One silver lining, though, is an official Tour of Guangxi song is performed, with the memorable line: “Welcome to Guangxi! Share this green healthy breath with you!” Thank you, I will.

The closing ceremony of the Tour of Guangxi.
The closing ceremony.
The top dinner table of the Tour of Guangxi featuring figurines in smoky water as the centrepiece.
The top table at the closing ceremony. Yep, we don’t know what’s happening here either. Figurines of Guangxi in smoky water?

The next morning, Leo Hayter hands a bunch of flowers to the hotel concierge on his way out as thanks in what is a rather sweet moment that he thinks has gone unnoticed by everyone.

At the airport, we’re stopped as soon as we walk through the doors, contained in a small square right after the entrance. Again, we are forced to get the Google Translate out.

A Google Translate page showing the text: "The explosion-proof inspection will wait a moment."

Turns out, somehow, they are pre-scanning you and your luggage for bombs? Another pro tip when flying in and through China, or anywhere in East Asia. Try not to bring podcasting equipment or anything with removable batteries in it with you. The security people will lose their shit each and every time. I managed to get my bag scanned a record THREE times before one flight.

Rigoberto Urán slides past on the way to the gate, sitting on his suitcase and pushing himself along with his legs, a living archetype of the pro cyclist’s mantra “Never stand when you can sit.” Meanwhile, in the one serviceable coffee shop, half of the UAE Team Emirates entourage have single-handedly caused a 25-minute backlog by mass-ordering coffees and waffles.

A 48-hour layover in Beijing reveals more of China, but fewer of the eccentricities of Guangxi. In the capital, the barbers may cut hair dressed in suits, but a kid runs up to the entrance of McDonald’s just like any other kid anywhere else in the world does. Because McDonald’s is great. Especially when you’re four years old.

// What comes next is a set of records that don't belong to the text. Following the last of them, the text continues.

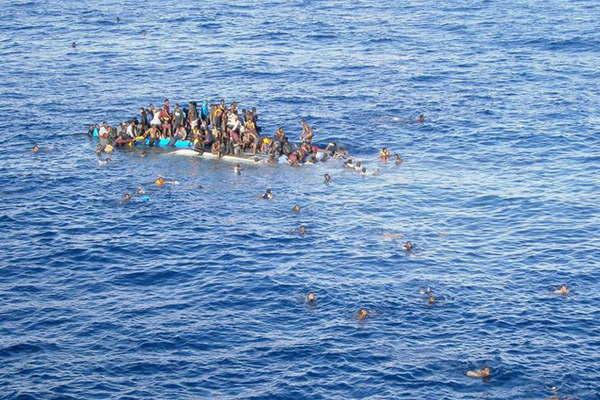 Diez refugiados mueren cada diacutea  en el Mediterraacuteneo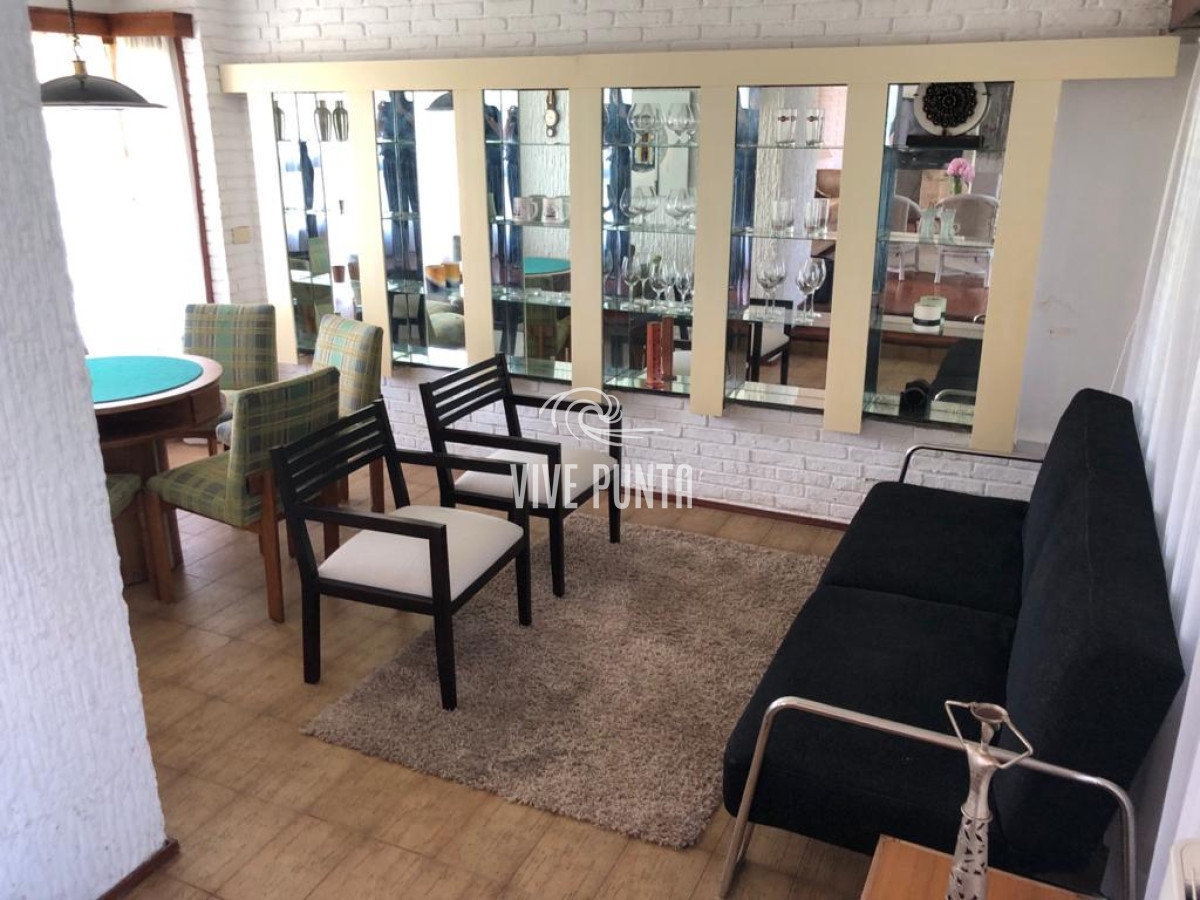 Casa ID.868 - Muy buena propiedad en venta, 5 dormitorios en barrio Cantegril, Punta del Este 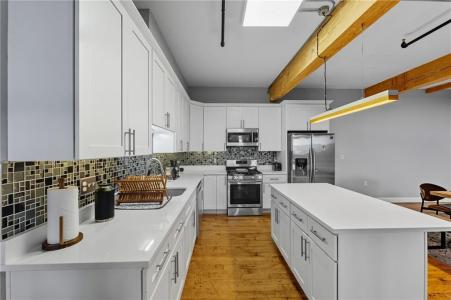 396 Roosevelt Avenue, Central Falls, Rhode Island 02863, États-Unis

After finding a great bar, and one of the rare few that has café-culture seating so you can sit and watch the world go by, I immediately go to speak into Google Translate to try and order a beer, but am interrupted by the owner who speaks perfect English and talks me through his selection. Mortifying. At least the pints here cost £7.50 so I paid the price for my actions, and also got to feel like I was back at home in London as my wallet lightened considerably. Later, I walk back to my hotel and feel the safest I ever have walking in any city after dark. There are trade-offs to be made.

There is a rigidity to people’s public behaviour. A codified way of being. And there is always a camera waiting to catch you jaywalking – I dread to think what my social score is. But there is no need to dread, because I can and did leave. For the people in China we met, who felt certain unspeakable emotions about how things were in the country they were born in, there is the duality of being from a place that is yours and you want to call yours forever, and the current tax to your spirit that remaining there costs you every day. It’s an existential haze of wanting change but the overwhelming mystification of figuring out how and where to even begin.

The Red Scare we still experience in the West is real and gives us a refracted picture of China and Chinese people. That is what anyone with their eyes open who attended the Tour of Guangxi will have taken away with them. Just like us, there is worry for the future. For regular Chinese people, there is particular concern with the housing market and the effects of the wider economy, and individuals have very little agency to try and shape how things will play out. But alongside that anxiety is a hope, buried deep down in case it’s ever found by the wrong person, that some day things may be different.